Eastern Woolly Lemur
Vulnerable (IUCN Red List, 2014)
What they look like
The eastern woolly lemur is slightly larger and darker than the western woolly lemur, but they still only weigh in at about 3 lbs. They are named for the curly, dense fur on their backs which has a woolly appearance and varies in color from gray-brown to reddish. Eastern woolly lemurs, like other woolly lemurs, have a distinctive white stripe on their thighs.
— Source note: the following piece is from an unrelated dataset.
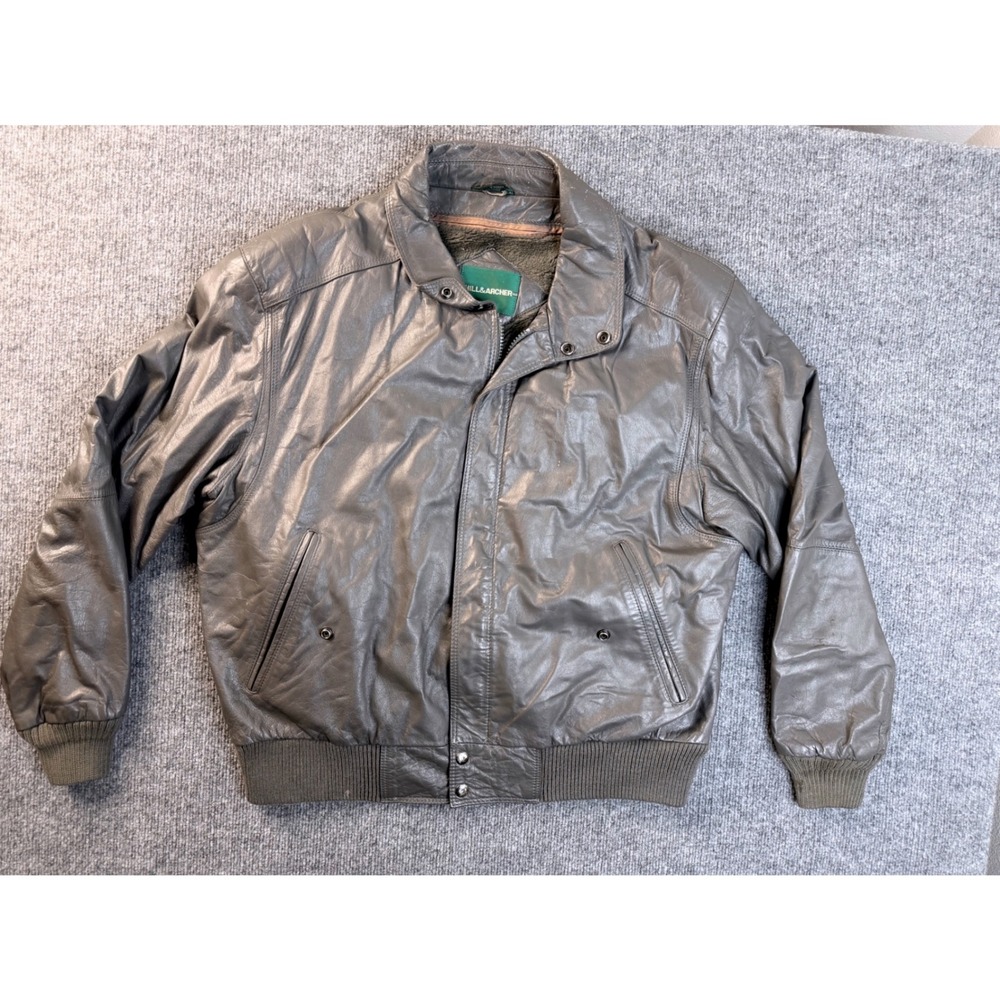 Hill & Archer Vintage Grey Leather Bomber Jacket Mens 46 Workwear Biker Korea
Their faces have lighter fur on the cheeks and throat, and their ears are small and mostly concealed by thick fur. They cling vertically to trees and have very strong legs for leaping. Typically, these lemurs also have very long tails, usually longer than their head and body length combined.
Where they live
As their name suggests, eastern woolly lemurs inhabit eastern Madagascar in four national parks (Marojejy, Mantadia, Zahamena, and Mananara-Nord) as well as a number of special reserves including Anjanaharibe-Sud Special Reserve. Their range is mostly concentrated in the northeast and extends from the Bemarivo River in the north to the Nesivolo/Mangoro in the south. Habitat preferences include tropical moist lowland and montane forests, as well as secondary forest formations.
What they eat
They are folivores. Although the vast majority of their diet is comprised of leaves, they sometimes snack on fruits and flowers. They are one of the smallest folivorous primates.
How they behave
All woolly lemurs are nocturnal. But, even during their waking hours at night, this species of lemur has a relatively low level of activity, perhaps due to the poor nutrition of their diet which consists mostly of leaves. Eastern woolly lemurs sleep together in huddles of up to five individuals 2 to 9 meters off the ground in the forks of the trees below the canopy. Occasionally they may also rest or sleep near to the ground in clumps of dense undergrowth. Groups are “pair bonded,” comprised of an adult male/female pair plus offspring.
How they reproduce
Mothers give birth to a single infant between August and September. Females are sexually receptive (estrus) for only a 24-hour period. The newborns first cling to the mother’s abdomen like a belt but once old enough, they move to her back.
What threats they face
Eastern woolly lemurs were classified as Least Concern by the 2008 IUCN Red List assessment, but have moved up to a Vulnerable classification in 2014. Human activity is the primary cause of their population decrease. Slash-and-burn agriculture, illegal logging, and bushmeat hunting has resulted in habitat loss for these lemurs. Poachers often take advantage of their sleeping sites to opportunistically capture sleeping groups in the daytime.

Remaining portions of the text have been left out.